Exercise requirements
Without its pictures, the listing below is to be transcribed exactly.

Recorded information
%%

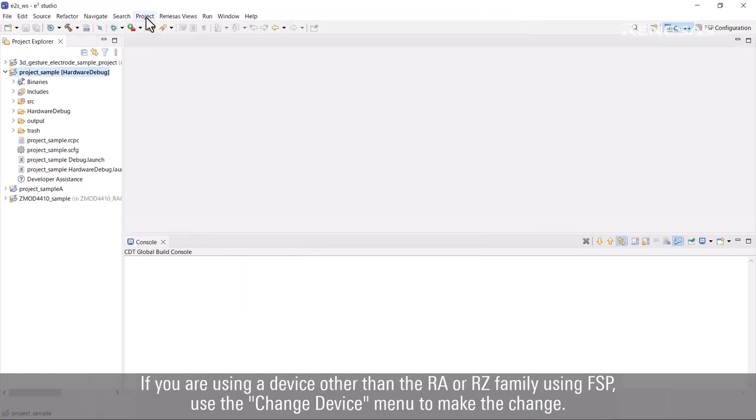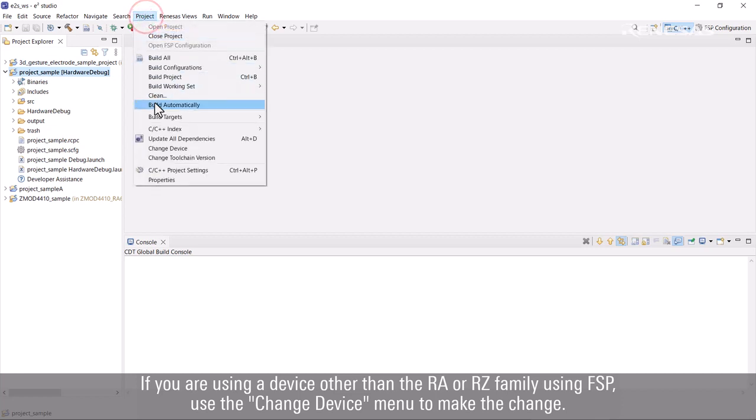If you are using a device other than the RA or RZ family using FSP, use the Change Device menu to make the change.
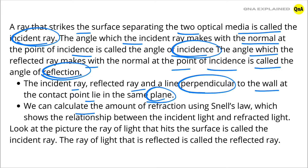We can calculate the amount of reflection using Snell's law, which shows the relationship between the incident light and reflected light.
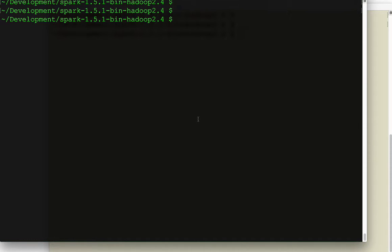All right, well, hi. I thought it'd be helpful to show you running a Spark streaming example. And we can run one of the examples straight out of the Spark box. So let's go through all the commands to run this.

%%

Task solution
If you are using a device other than the RA or RZ family using FSP, use the Change Device menu to make the change.
We can calculate the amount of reflection using Snell's law, which shows the relationship between the incident light and reflected light.
All right, well, hi. I thought it'd be helpful to show you running a Spark streaming example. And we can run one of the examples straight out of the Spark box. So let's go through all the commands to run this.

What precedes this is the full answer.